=== Material for this exercise ===

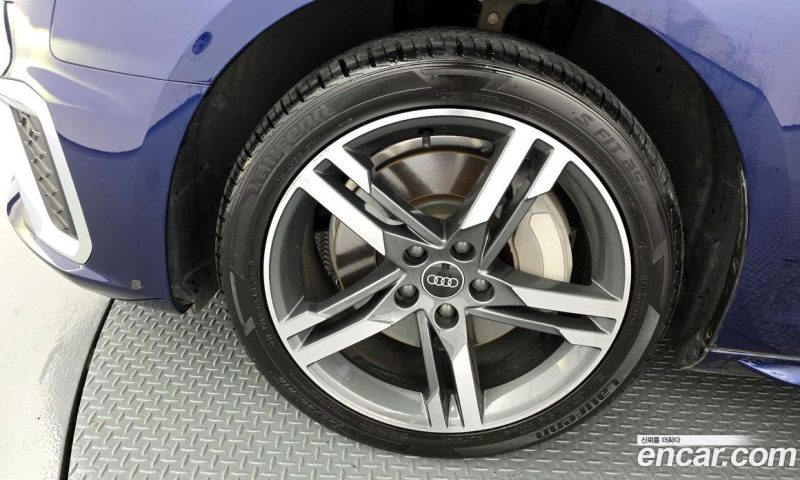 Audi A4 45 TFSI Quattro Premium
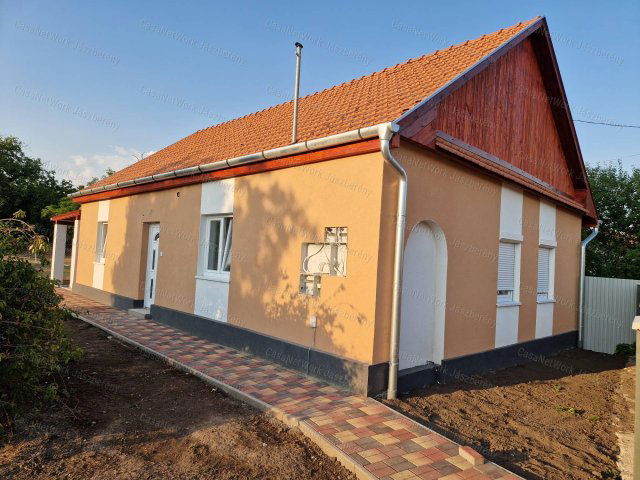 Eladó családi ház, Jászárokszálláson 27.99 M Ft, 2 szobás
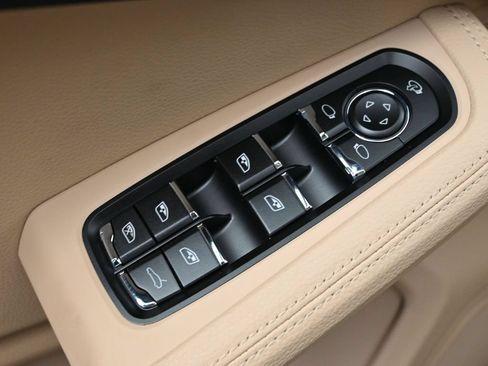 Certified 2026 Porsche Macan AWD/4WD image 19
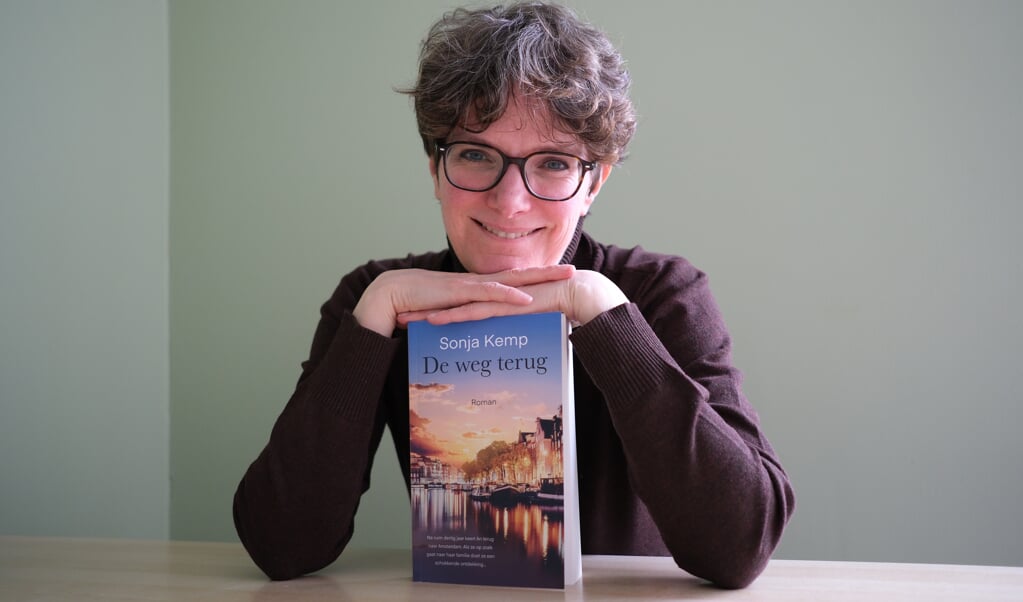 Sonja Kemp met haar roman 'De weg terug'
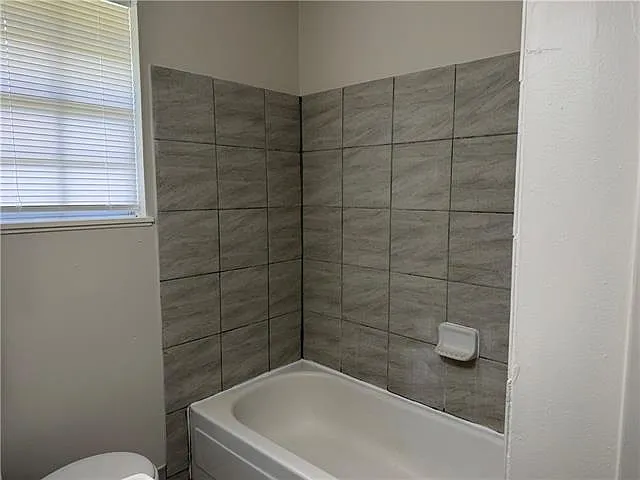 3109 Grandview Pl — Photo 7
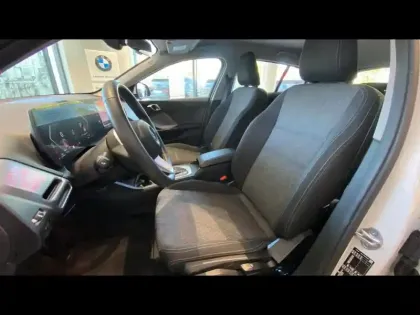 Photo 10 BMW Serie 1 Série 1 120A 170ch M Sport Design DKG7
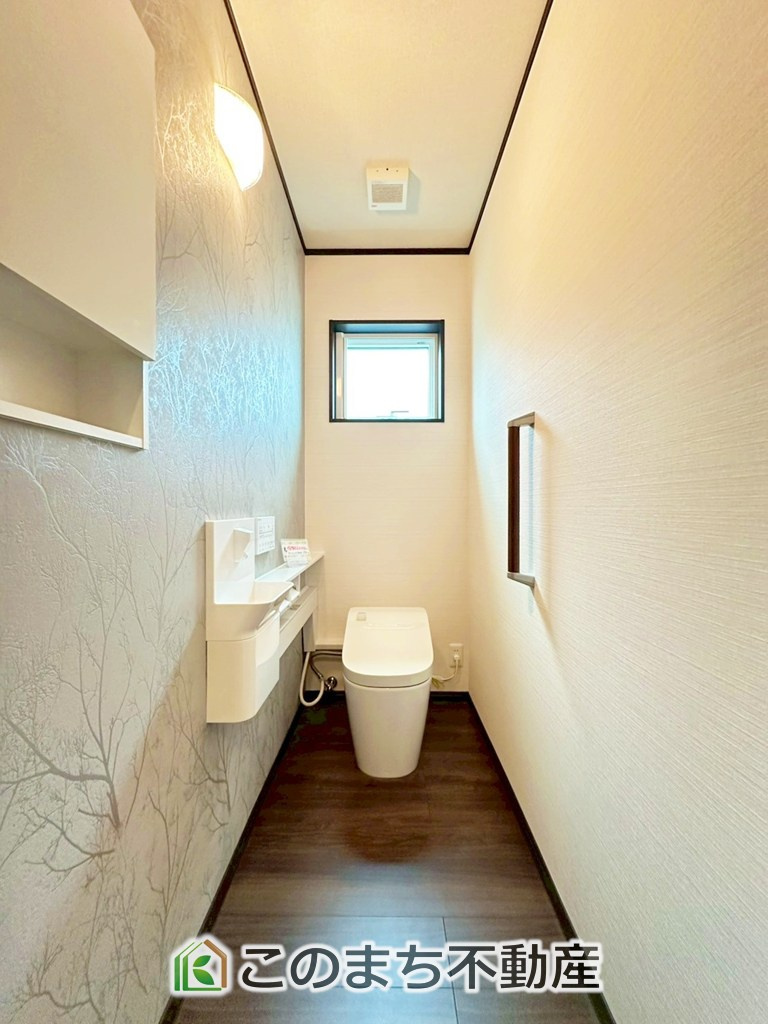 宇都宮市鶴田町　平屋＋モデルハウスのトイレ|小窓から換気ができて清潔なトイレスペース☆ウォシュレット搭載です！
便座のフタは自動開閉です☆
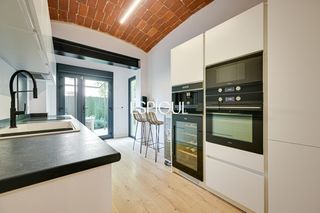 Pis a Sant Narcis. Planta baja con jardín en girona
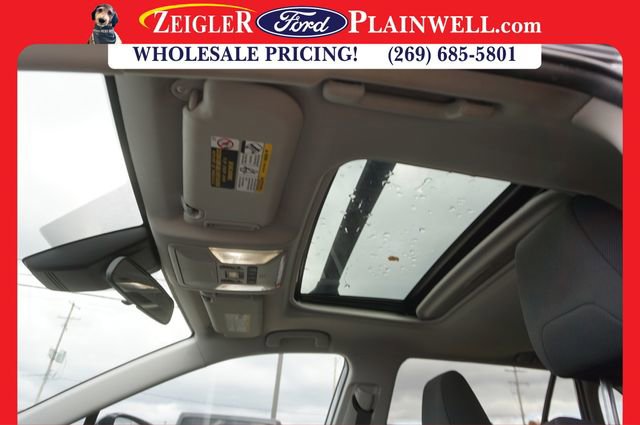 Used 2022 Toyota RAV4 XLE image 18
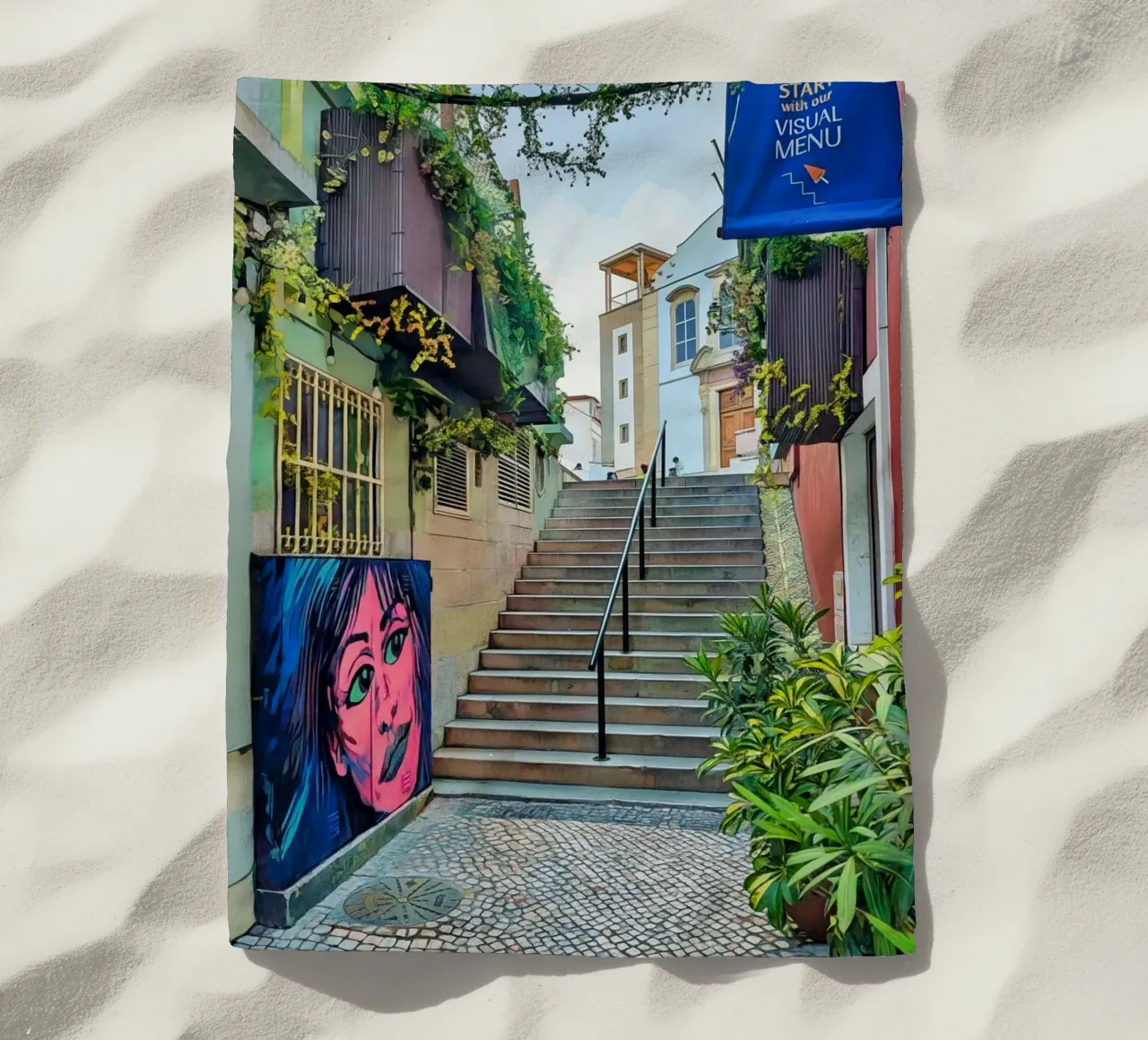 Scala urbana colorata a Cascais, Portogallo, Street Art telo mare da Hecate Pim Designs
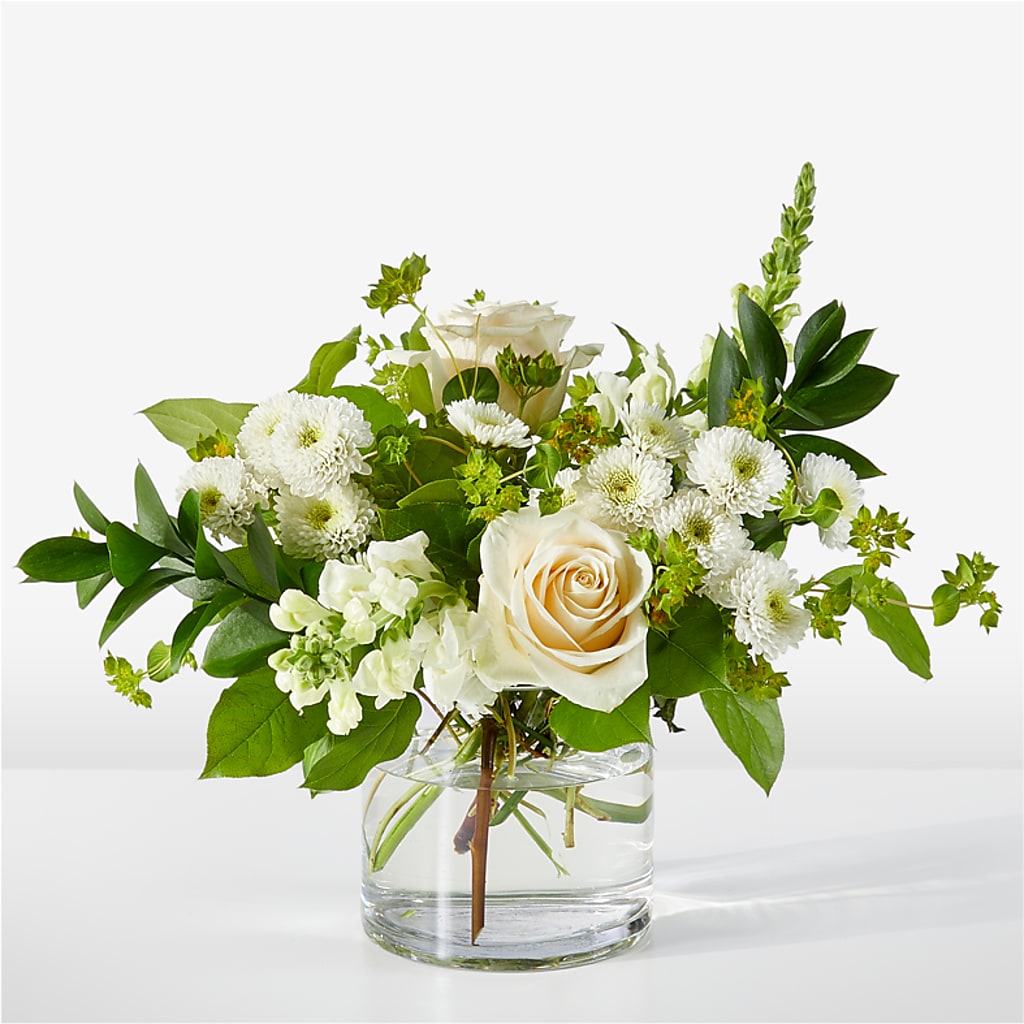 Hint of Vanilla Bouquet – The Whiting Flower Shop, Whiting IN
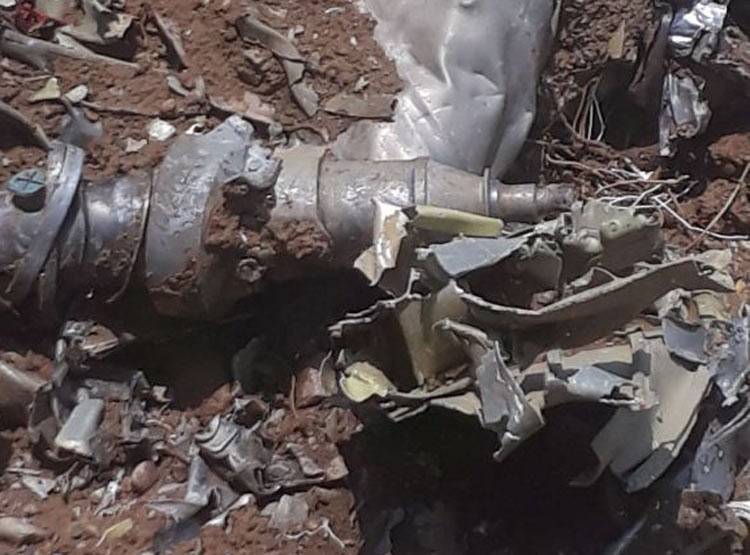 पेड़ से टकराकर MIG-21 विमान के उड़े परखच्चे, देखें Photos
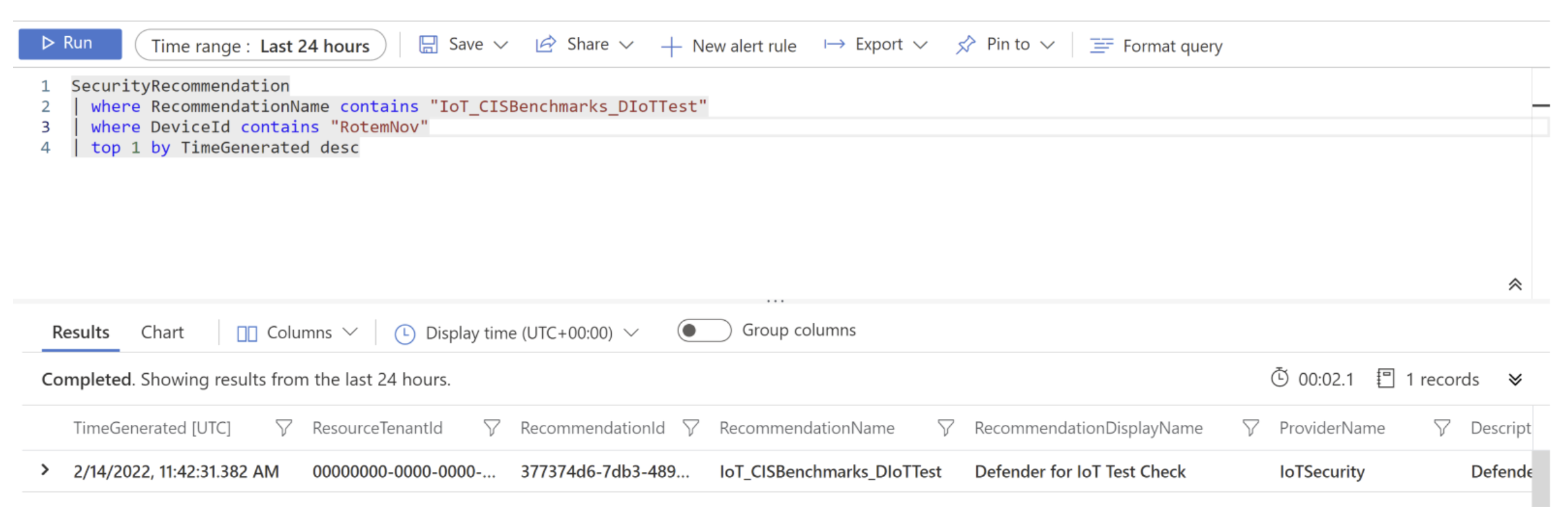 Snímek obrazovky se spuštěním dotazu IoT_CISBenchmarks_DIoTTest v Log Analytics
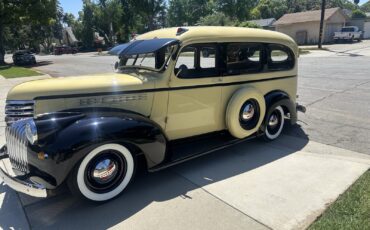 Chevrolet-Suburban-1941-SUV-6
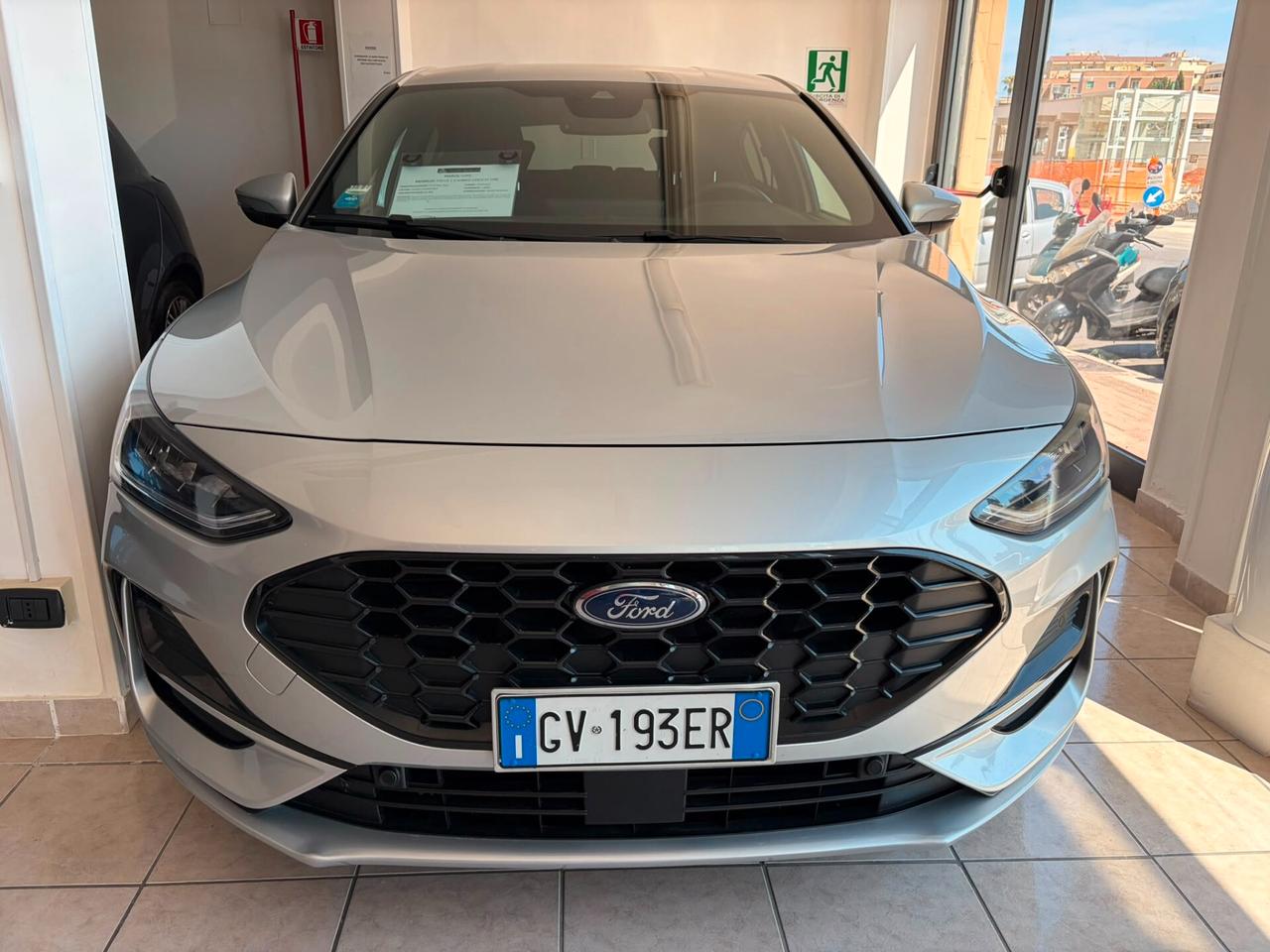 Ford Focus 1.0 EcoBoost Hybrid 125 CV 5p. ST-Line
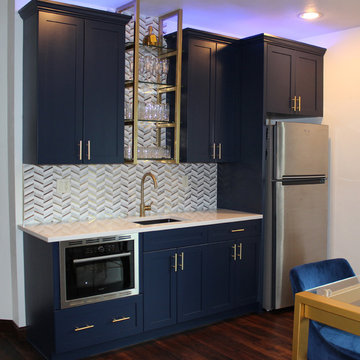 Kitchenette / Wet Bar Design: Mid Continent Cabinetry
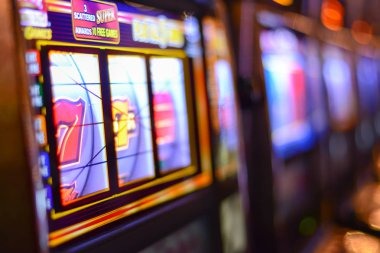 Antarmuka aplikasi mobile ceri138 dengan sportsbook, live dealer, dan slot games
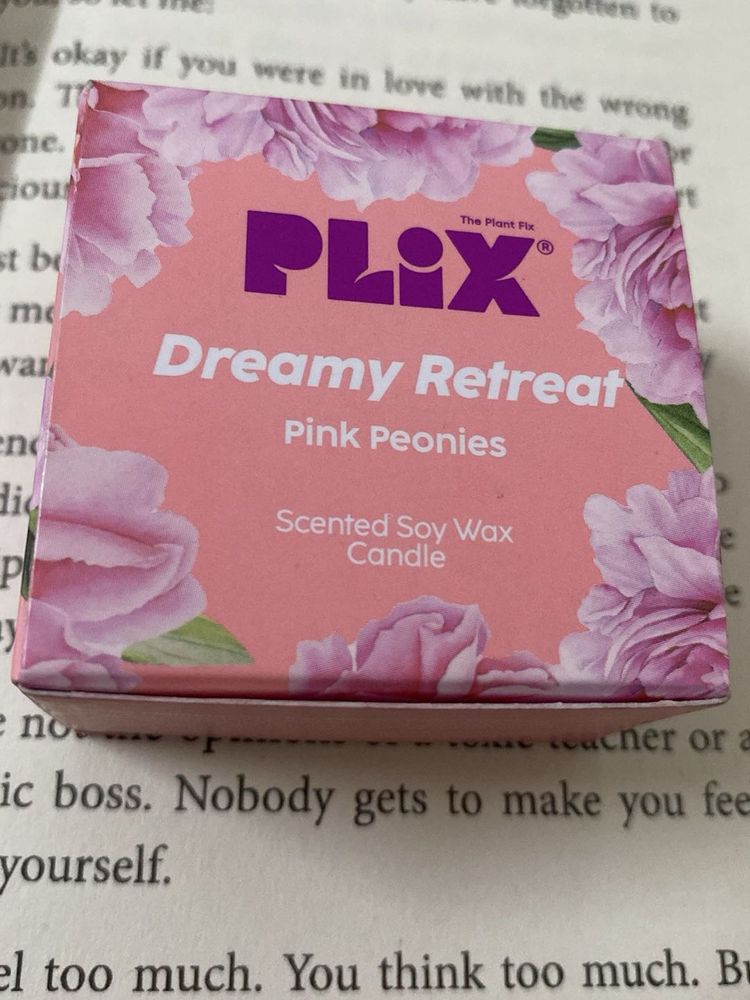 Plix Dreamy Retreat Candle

===

### Work task
Would you copy out the material above exactly, without the pictures in it?

### Response
 Audi A4 45 TFSI Quattro Premium
 Eladó családi ház, Jászárokszálláson 27.99 M Ft, 2 szobás
 Certified 2026 Porsche Macan AWD/4WD image 19
 Sonja Kemp met haar roman 'De weg terug'
 3109 Grandview Pl — Photo 7
 Photo 10 BMW Serie 1 Série 1 120A 170ch M Sport Design DKG7
 宇都宮市鶴田町　平屋＋モデルハウスのトイレ|小窓から換気ができて清潔なトイレスペース☆ウォシュレット搭載です！
便座のフタは自動開閉です☆
 Pis a Sant Narcis. Planta baja con jardín en girona
 Used 2022 Toyota RAV4 XLE image 18
 Scala urbana colorata a Cascais, Portogallo, Street Art telo mare da Hecate Pim Designs
 Hint of Vanilla Bouquet – The Whiting Flower Shop, Whiting IN
 पेड़ से टकराकर MIG-21 विमान के उड़े परखच्चे, देखें Photos
 Snímek obrazovky se spuštěním dotazu IoT_CISBenchmarks_DIoTTest v Log Analytics
 Chevrolet-Suburban-1941-SUV-6
 Ford Focus 1.0 EcoBoost Hybrid 125 CV 5p. ST-Line
 Kitchenette / Wet Bar Design: Mid Continent Cabinetry
 Antarmuka aplikasi mobile ceri138 dengan sportsbook, live dealer, dan slot games
 Plix Dreamy Retreat Candle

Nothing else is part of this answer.